Pour le moment, il ne s'agit que d'éviter qu'Alpha Condé n'instaure un régime dictatorial. On commence par limoger une personne inamovible (rappelez-vous le médiateur), puis un autre (un juge de la Cour suprême avait déjà été nommé sans que l’on en connaisse la raison), puis d'autres encore (pourquoi pas le président de la Cour suprême, celui-là même qui l'avait condamné en 2000 ?), puis les commissaires de la CENI (ce n'est pas possible hors fin de mandat ou de consensus, malgré la demande du CNOSC), puis pourquoi pas les membres du CNT (aucun intérêt maintenant vu leur flagornerie ou docilité vile), voire les députés...

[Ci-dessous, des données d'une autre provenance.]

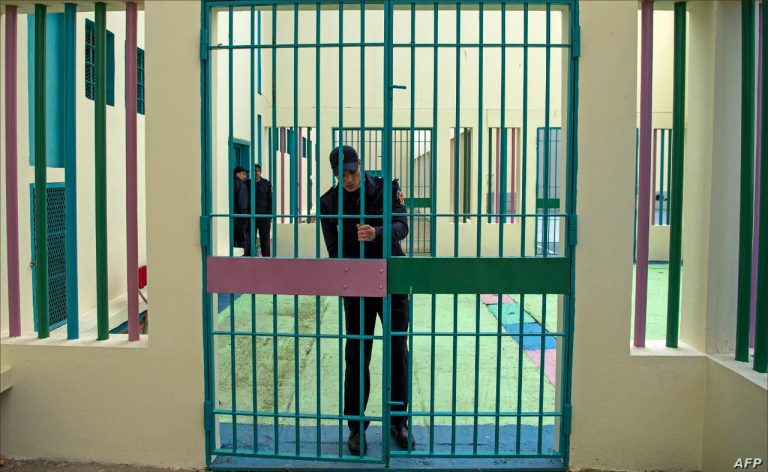 الحسيمة.. 8 سنوات سجنا نافذا في حق متهم باغتصاب فتاة قاصر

De la même façon, on décrète l'annulation d'un contrat de bail (ferme avicole), puis celle d'un contrat de concession international (affaires Getma et Santullo)... sans passer par la justice.

Bizarrement ceux qui se plaignent de justice expéditive en juillet 85 (et ils ont parfaitement raison), ne se manifestent pas pour déplorer les nombreuses atteintes aux libertés publiques de cette période. Est-ce parce qu'ils ne se sentent pas concernés ?

La démocratie à construire n'a pourtant aucune couleur... et elle passe par le strict respect de l'État de droit, cependant que le changement, c'est la mise en mouvement de TOUTES les forces de la société.

Gandhi
Citoyen guinéen

« Dans tout État libre, chaque citoyen est une sentinelle de la liberté qui doit crier, au moindre bruit, à la moindre apparence du danger qui la menace » (Robespierre, Discours sur la liberté de la presse, Mai 1791).